LeBron James' body has gone through some serious changes over his 15 years (and counting) in the NBA.
During the twilight of his first stint in Cleveland and through much of his time in Miami, the 6-foot-8 James was built like a tank. It's widely believed his playing weight peaked at nearly 280 pounds during this period, which was a good 40 pounds heavier than the frame King James sported during his rookie season. But when he returned to Cleveland in 2014, LeBron shed a ton of weight and noticeably slimmed down. Now with the Los Angeles Lakers, James is listed at 250 pounds.
As his body morphed over the years, so did his diet. LeBron's admitted he largely subsisted on fast food during his first few seasons in the NBA. We know he entirely avoided carbs and added sugars during the summer of 2014. But what's a typical day of eating look like for LeBron now?
On a recent appearance on The Tim Ferriss Show podcast alongside his longtime trainer, Mike Mancias, LeBron discussed his approach to nutrition. That included outlining everything he consumed on a recent game day:
- Breakfast: egg white omelet with smoked salmon, gluten-free pancakes with berries
- Lunch: whole wheat pasta, salmon and vegetables
- Pre-game: peanut butter and jelly sandwich
- Halftime: sliced apples with almond butter
- Post-game: protein shake (plant-based protein powder, almond milk, fruit)
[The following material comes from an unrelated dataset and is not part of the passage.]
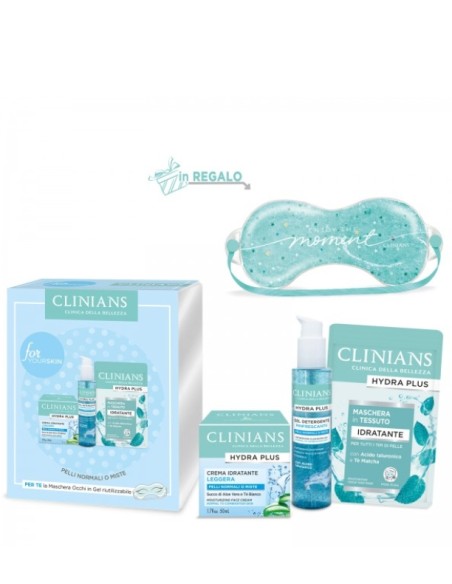 Clinians Cofanetto Hydra Plus Con Maschera Occhi Riutilizzabile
- Dinner: chicken parmesan with a rocket salad and a "beautiful glass" of cabernet
LeBron's stat line on this day? 44 points, 10 rebounds, 9 assists and 3 blocks in a decisive victory over the Portland Trailblazers. So it's safe to assume he felt pretty darn good running on this fuel.
"It's all about less is more as far as nutrition goes. We keep it simple. We try to stay organic the entire year. Like LeBron mentioned, no artificial ingredients. And hydration. One thing we talked about yesterday—it was game day—and every time I saw LeBron, I had a bottle of water in his face and making sure he was drinking," Mancias said.
While LeBron does let himself stray from his "clean" diet every now and then, he mostly tries to limit those instances to the offseason. "What we haven't had in a long time— is artificial drinks, artificial sugars, and fried foods. We kinda stay away from the fried foods, at least during the season...I have artificial drinks from time to time in the offseason. But during the season, I pretty much don't have any fried foods, and I don't have anything that's artificial. We want to keep it as—natural sugars and foods as much as possible. Just try to be clean as possible throughout the season when I'm burning so much and trying to get the recovery back," James said.
It's interesting to note that LeBron is also a member of the pre-game peanut butter and jelly crew, a habit he shares with athletes like Rob Gronkowski, Steph Curry and Sidney Crosby. While the complex carbs he receives from options like whole wheat pasta provide sustained energy, the simple sugars in a PB&J can provide that perfect additional boost before tip-off. Same goes for the apple slices at half time.
As LeBron continues to bulldoze over the pre-conceived notions of what a player his age can be, his diet is designed to combat inflammation. Inflammation is the natural enemy of recovery, and according to a 2005 study on the topic, "diets that promote inflammation are high in refined starches, sugar, saturated and trans-fats, and low in omega-3 fatty acids, natural antioxidants and fiber from fruits, vegetables, and whole grains."
Salmon is stuffed with omega-3 fatty acids, and LeBron clearly priorities fruits and vegetables throughout the day. Even that cabernet may help LeBron's longevity, as a glass or two per day has well-researched heart benefits for adults.